Ever since I read Scott Kelby’s new book, Professional Portrait Retouching Techniques for Photographers using Photoshop, I’ve been itching to retouch some portraits. I’ve got tons in the queue that need to be done, so I started with this one as I’ve had requests to see more of this model after this Photography Notebook entry of this model was published.
NOTE: My apologies for not showing a before shot in this article, but out of respect to the model I’ve elected not to do that this time.
How I Processed This Shot
The techniques in Scott’s book are great and I want to use every one of them, but the problem I find right now is that I’m stuck in my old ways. When I’m in a hurry, as I was when imaging this shot, I resort back to doing what I always do. I know from my experimentations while reading Scott’s book I can get more natural and better results using his methods, but I need to find some time to practice them more so they become my first thought for processing.

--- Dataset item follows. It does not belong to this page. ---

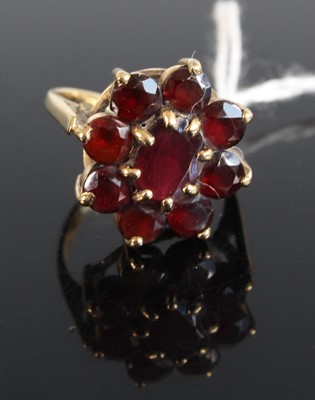 Lot 344 - A modern 9ct gold and garnet set flower head...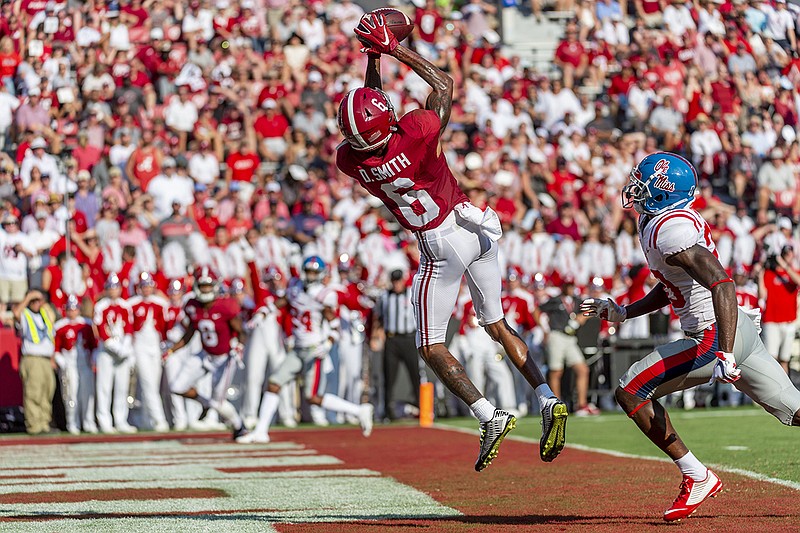 Associated Press photo by Vasha Hunt / Alabama wide receiver DeVonta Smith leaps for his fourth touchdown catch of the game well ahead of Ole Miss defensive back Keidron Smith during the first half Saturday in Tuscaloosa, Ala.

With that said, here’s how I imaged this shot on a calibrated NEC PA Series display:
- The original background was a little darker than I would have liked and the model was a touch under exposed, so I processed both separately using Smart Objects in Photoshop and merged them together. I didn’t spend much time on this because the real work to clean up the background came in the next step.
- Next up I used Viveza to brighten all the white spots of the background and put separate control points on the model to keep her from being bleached out. I brightened her up some, but naturally note like the background which I wanted to be pure RGB 255,255,255.
I also added a little color to the lipstick to give it more oomph.
- This model’s skin was in pretty decent shape, but I went ahead and just did a few content-aware healing brush touchups on a few moles and skin imperfections. I also removed some of the major stray hairs. I did this right on the Viveza layer, but I should have done it on its own layer. I was just in a hurry and didn’t take the time to do that.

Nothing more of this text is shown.